Ancak aile beklentilerini ele alan çalışmaların oldukça az olduğu
görülmektedir. Bu çalışmalara; otistik
çocuğa sahip annelerin çocuklarının devam ettiği rehabilitasyon merkezlerinden
beklentilerini ve önerilerinin belirlenmesi, (Ahmet yıkmış fidan yeliz Özbey,
2009) özel gereksinimli bireylere sahip ailelerin çocuklarının devam ettiği
özel eğitim ve rehabilitasyon merkezlerinden beklentileri (Necmi Sarıoğlu 2006
) ailelerin ana okulundan beklentileri (Ayhan Seyfullah oğulları,2012) örnek
verilebilir. Bu araştırmalara baktığımızda ailenin beklentilerini tespit etmeye
yönelik betimsel çalışmalar olduğu görülmektedir. Ancak ailelerin özel
eğitimden ne beklemeleri gerektiğine yönelik öneriler veren çalışmalara
rastlanamamaktadır. Bu çalışmada yetersizlikten etkilenmiş bireylerin
ailelerinin özel eğitim hizmetlerinden beklentilerinin ne olduğunu tespit
ederek ailelerin özel eğitim konusunda beklentilerinin ne olması gerektiği
hakkında TV’den yayınlanacak bilgilendirici bir program hazırlanması
hedeflenmiştir. Ailelere bu konuda önerilerin verilmesi nedeniyle bu çalışmanın
önemli olduğu düşünülebilir. Ayrıca özel eğitimle ilgili olan ailelere, diğer
hizmet sağlayıcılara ve geniş kitlelere kolaylıkla ulaşılabileceğinden
çalışmanın TV programı olarak sunulması düşünülmüştür.
Aileler
için hazırlanacak program için ailelerin beklentilerinin tespit edilmesi ilk
adım olmuştur. Bu nedenle 75 aileye yarı yapılandırılmış bir görüşme formu
uygulanmıştır. Görüşmede sorulan sorular aşağıdaki gibidir.
1.
Özel
eğitimden neleri bekliyorsunuz?
2.
Çocuğunuzun
öğretmeninden beklentileriniz neler kısaca ifade eder misiniz?
3.
“özel
eğitimde şunlarda olsaydı, şu alanda da yardım hizmeti olsaydı.” Dediğiniz oldu
mu? Bunlar nelerdi kısaca yazar mısınız?
4.
Özel
eğitimde işbirliği nasıl olsun isterdiniz?
5.
Özel
eğitim alanında eksikler neler kısaca
yazar mısınız?
Bu soruların hazırlanmasında
çalışma ekibi öncelikle özel eğitim, beklenti ve eğitim standartları konusunda
çalışmış, ardından sorular üretmiştir. Bu soruları hem proje danışmanları ile
tartışarak, hem bir özel eğitim bölümü öğretim üyesi ile tartışarak hem de
alanda ailelere yönelterek tekrar biçimlendirmişlerdir. İlk denemelerin
ardından biçimlendirilen sorular uygulanmak üzere Ankara ili dahilinde10 özel
eğitim hizmeti sağlayan özel eğitim merkezi ziyaret edilmiş, çalışmanın amacı
orada bulunan ebeveynlere tanıtılarak gönüllü katılımları rica edilmiştir.
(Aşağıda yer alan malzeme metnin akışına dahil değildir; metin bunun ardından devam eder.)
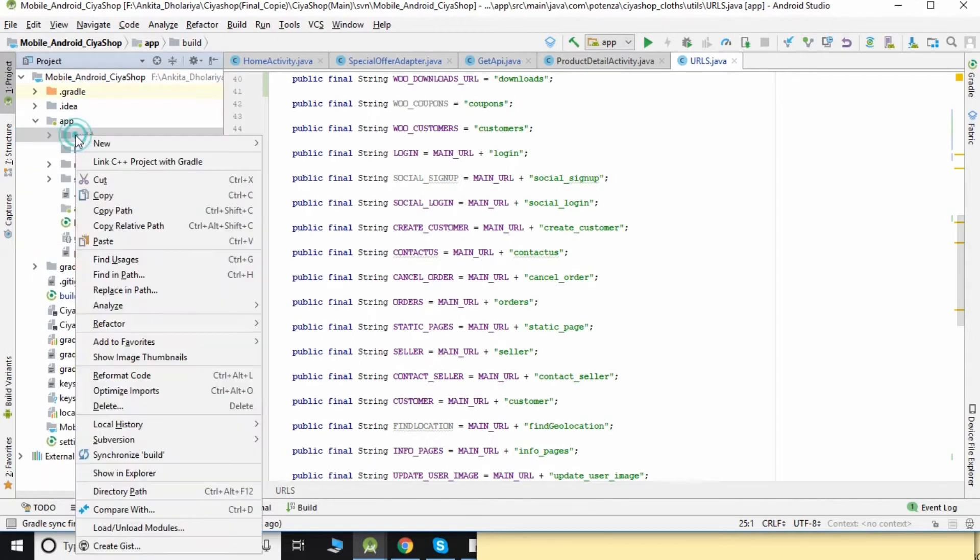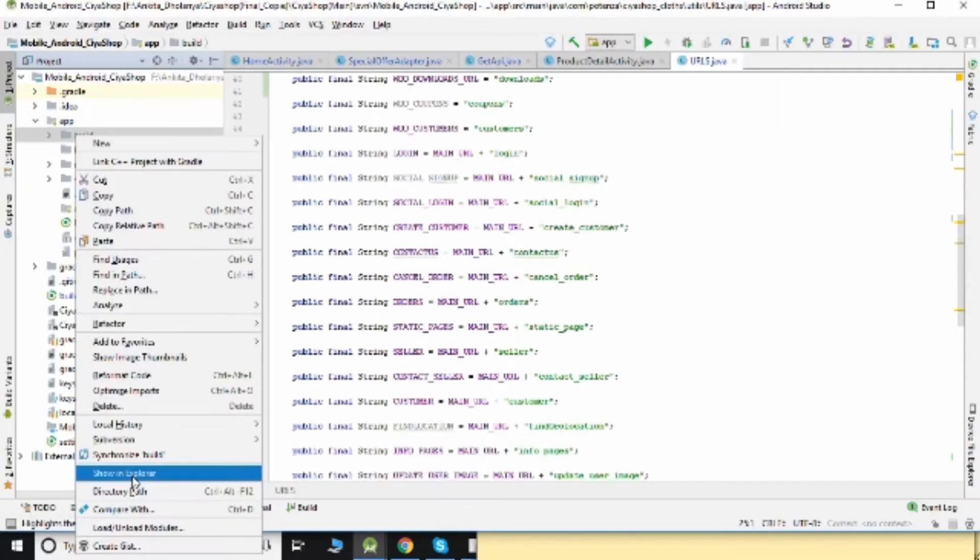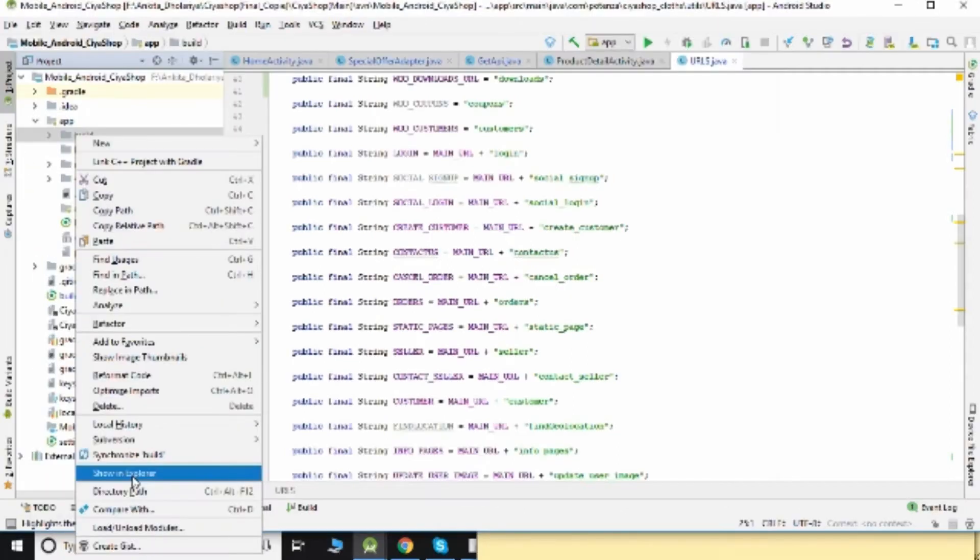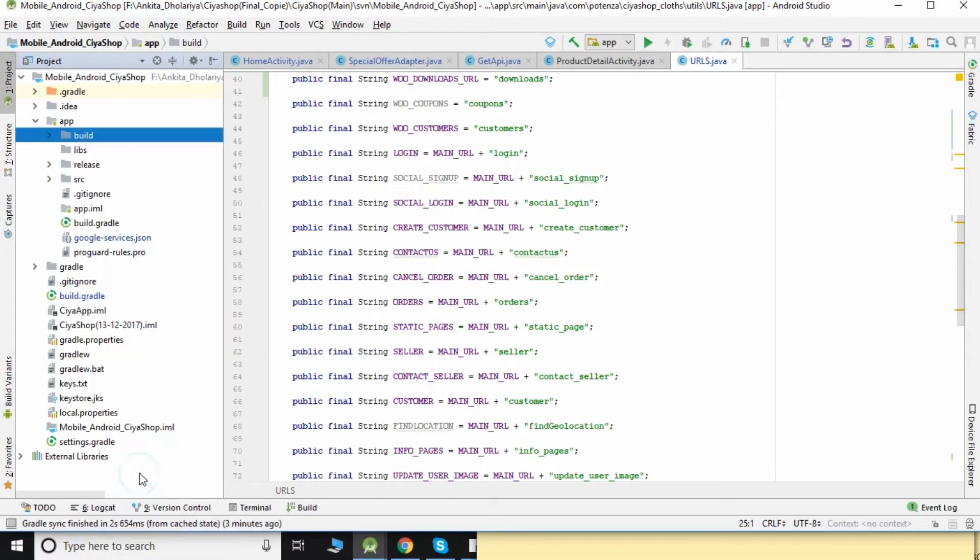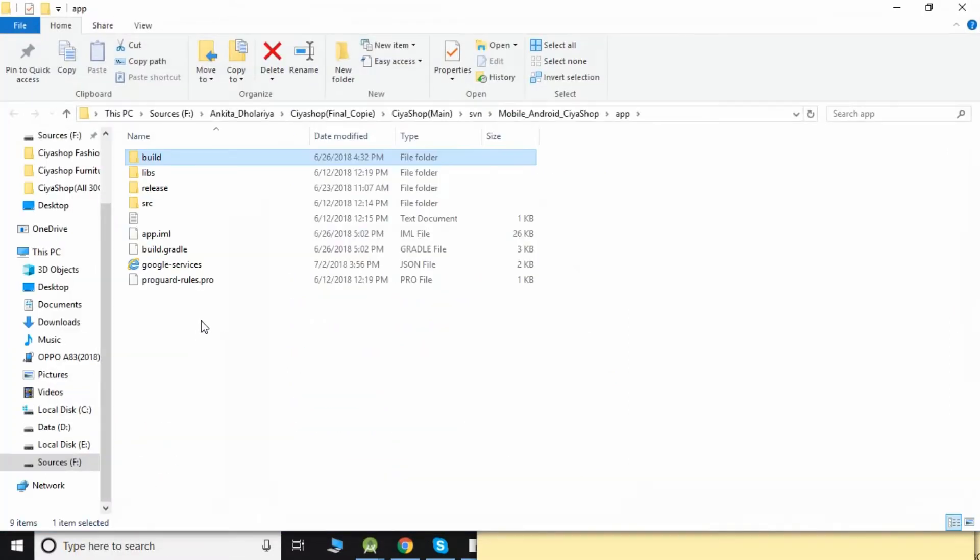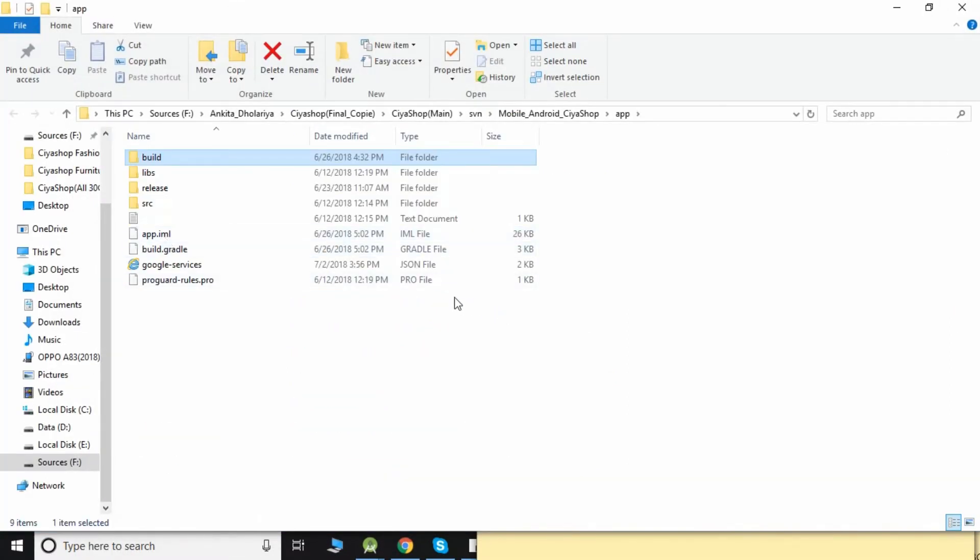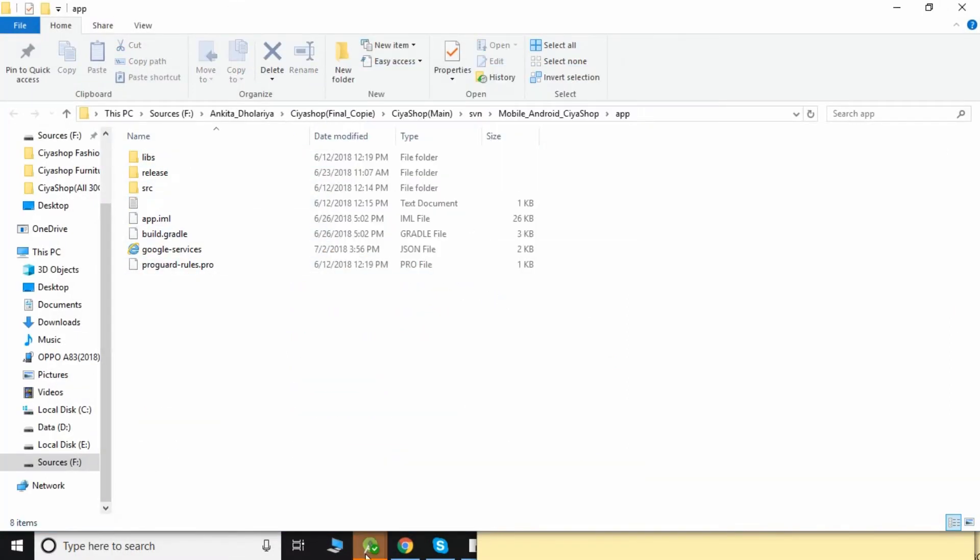If you are not able to delete from Android Studio, then right-click on the build folder, click on Show in Explorer, and delete the build folder.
Görüşmelerden elde edilen veriler içerik analizi yöntemi ile incelenerek
veriler bir araya getirilmiştir.
Aile beklentileri:
Gerçekleştirilen
analizlerin ardından aile beklentilerinin 4 başlık altında toplanabileceği
belirlenmiştir. Bunları; eğitime yönelik beklentiler, eğitimde öğretmene
yönelik beklentiler, aileye ve ihtiyaçlarına yönelik beklentiler, sosyal alan
ve durumlara yönelik beklentiler olarak ele alabiliriz.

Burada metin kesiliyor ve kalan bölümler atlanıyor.